Meanwhile, users had requests that the workflows get simplified, and the capabilities expanded. Knowing he needed a cofounder, Sharath put it on Twitter with a thread describing the project. He received 16 DM’s, one was Curtis, and they clicked instantly. It took them four weeks to build a fully coded version 1, providing sneak peaks every week. At the beginning of December, they launched 100 users in private beta.
The purpose of private beta is to get high-quality feedback. On February 11th, they did a soft launch on Twitter, followed by Product Hunt a week later. They have had around 460 users, with many of those still in the trial period. They have been converting users at a 10% rate.

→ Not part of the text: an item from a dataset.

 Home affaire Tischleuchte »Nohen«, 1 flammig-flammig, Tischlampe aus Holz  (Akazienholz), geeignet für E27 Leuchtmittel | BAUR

Shoutout has earned enough feedback to have a solid understanding of their roadmap. They will be rolling out other social media proofs, with LinkedIn and Facebook next—anywhere your community might be. I’m not quite ready for TikTok, but they will be. In fact, Sharath and Curtis see the entire space of social proof as one they can move quickly to address for individuals and companies. They are working to add a lot of features, but I promised to keep the details under wraps.

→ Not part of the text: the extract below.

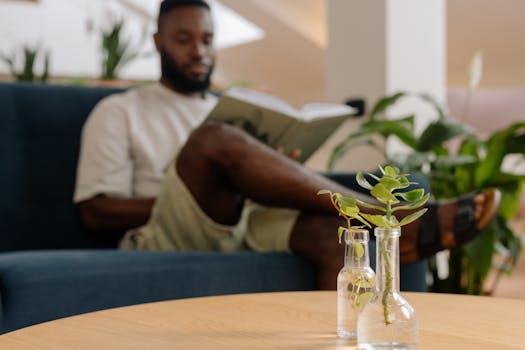 calm break room with plants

I learned so much from my conversations with Glenn, Sharath, and KP. It was liberating to understand that building in public is not an exercise in attention seeking. The people who are doing it right are creating a lot of value for others.
There are a lot of rooms out with people who could prove receptive to sharing your journey. Whatever you’re building, find a place to start sharing. Always Invert is going to remain my favorite platform, but I’m now ready to start rockin’ a few tweets.